Dej mi więcej.
Ja bym w tym miejscu chciała się zatrzymać i wyprosić autorkę książki (wiem, że to czytasz Emilia, zastosuj się), bo będę wyklinać.
JAK?
JA SIĘ PYTAM JAK KU%#A MOŻNA KOŃCZYĆ TAK KSIĄŻKĘ?
Ludzie kochani toż to jest największa zemsta za wszystkie grzechy.
Zabijcie mnie.
Może trafię do książkowego raju i będę miała wszystkie książki Emilii Szelest, nawet te których jeszcze nie wymyśliła.
A tak na serio... ja nie wiem jak autorka to zrobiła, że „Diabli Taniec” jest jeszcze lepszy od „Licho nie śpi”. Nie wiem! Nie mam pojęcia!
Już po pierwszym tomie cyklu „Bieszczadzkie demony” wiedziałam, że będzie to kozacka seria, ale drugi tom wyniósł ją na wyżyny. Nooooooo szczerze to Emilia Szelest postawiła sobie baaaardzo wysoko poprzeczkę i teraz będę wymagać więcej w kolejnych książkach spod jej pióra.
„Diabli taniec” to prawdziwe zaproszenie do tanga z diabłem. Kolejna sprawa kryminalna, w jaką wikła naszych bohaterów autorka, jest o wiele bardziej brutalna, niż poprzednia, a Magda z Damianem także są inaczej napisani, niż w „Licho nie śpi”.
Inaczej znaczy lepiej.
Emocje i namiętność między panią prokurator, a detektywem aż kipią z każdej strony książki. Nie będę Wam tu pisać czym to się kończy, bo musicie trochę pocierpieć (ale cierpieć dobrze czy źle?) sami, niemniej jednak jest ultra gorąco, jeżeli tylko wczujcie się w tę historię. Przerzucanie się ripostami między bohaterami jest czystą perfekcją i wiele razy miałam ogromny uśmiech na twarzy, kiedy mój wzrok sięgał dialogów między Damianem, a Magdą.
Miło spotkać starych znajomków, o których mieliśmy okazję czytać w poprzednich książkach Emilii Szelest. Spostrzegawcze oko szybko wyłapie powiązanie, oczywiście jeżeli czytaliście inne książki autorki. Jeżeli nie... to idźcie to nadrobić. Natychmiast.
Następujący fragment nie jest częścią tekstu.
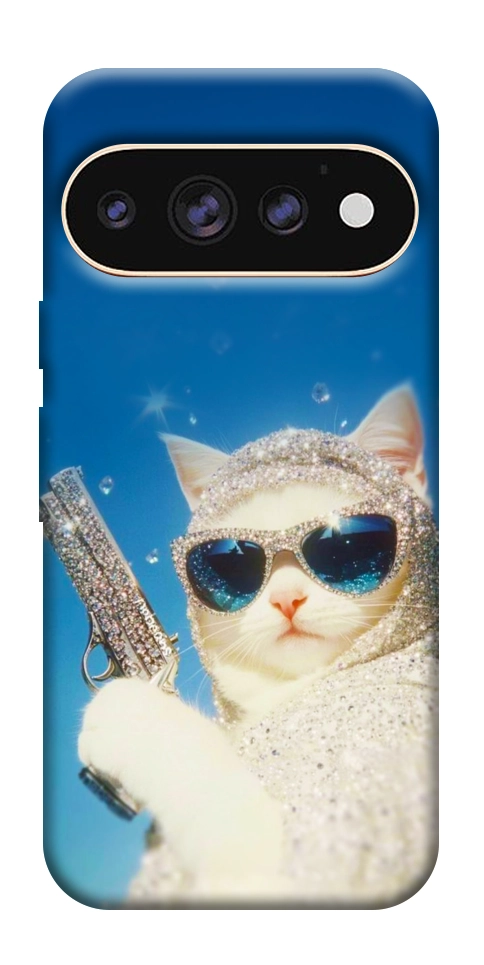 Чехол Diamond kitty для Google Pixel 11 Pro XL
„Diabli taniec” to książka, której potrzebowałam. Dostałam świetną sprawę dla detektywa, a także rozliczenie z przeszłością zarówno u Damiana, jak i Magdy. No i całą masę emocji i uderzeń ciepła. A jakbyście mi nie wierzyli to z ręką na sercu mogę napisać, że pisałam do autorki z włączonym CAPSLOCKIEM i rzucałam wulgaryzmami na prawo i lewo. Oto, co robią książki Emilii Szelest – sprawiają, że czytelnik staje się dziki. I tego Wam życzę podczas i po lekturze „Diablego tańca”.